As the Safe Harbour regime allows U.S. companies to self-certify that they meet EU data protection rules on the processing of personal data, the case will have important practical implications for companies transferring data to the U.S.
In Schrems v Data Protection Commissioner  IEHC 310, Max Schrems, brought a judicial review challenge asking the Irish High Court to overturn a decision of the Data Protection Commissioner (DPC) refusing to investigate his compliant, on the grounds that it was frivolous and vexatious.

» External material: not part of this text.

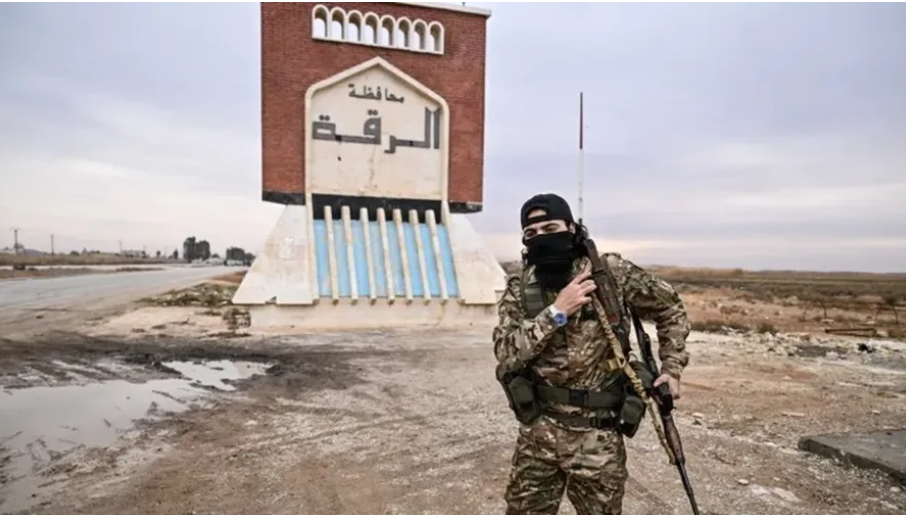 سوريا ..  قوات للعشائر تطرد "قسد" من الشدادي بالحسكة ومقر أمني بالرقة.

He had complained that the Snowden revelations demonstrated that there is no effective data protection regime in the U.S, and that the DPC should exercise its statutory power to direct that the transfer of personal data from Facebook Ireland to its parent company (Facebook Inc.) in the US should cease.
The DPC found that as Facebook Inc, had self-certified under the Safe Harbour regime, and the Commission Decision 2000/520/EC found that Safe Harbour provided an adequate level of data protection, there was nothing left for him to investigate.

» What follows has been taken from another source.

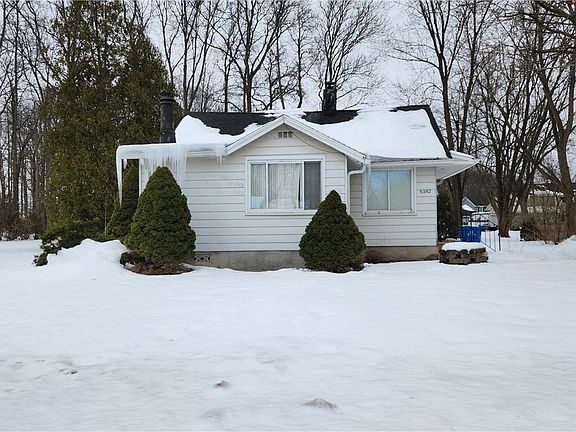 2nd image of 6382 Lakeshore Rd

The DPC refused to exercise his power to suspend the flow of data from Facebook Ireland to Facebook Inc., pursuant to article 3 of the Safe Harbour Decision, on the grounds that none of the specified conditions for doing so applied in this case. Furthermore, the DPC contended that, in view of the fact that the Commission was already engaged in a review of the application of Safe Harbour, it was perfectly lawful and rational to take the view that the applicant's complaint should be addressed at EU level and not to him.
Judge Hogan concluded that Mr Schrems' objection was, in reality, to the terms of the Safe Harbour regime, rather than to the manner in which the DPC had applied the regime. Accordingly, he adjourned the High Court proceedings pending the outcome of a reference to the CJEU.
The Irish High Court has asked the CJEU whether the DPC is absolutely bound by the EU Commission's Safe Habour Decision (in light of the subsequent entry into force of the EU Charter of Fundamental Rights), or whether the DPC may conduct his own investigation of the matter in light of factual developments since the Safe Harbour regime came into effect.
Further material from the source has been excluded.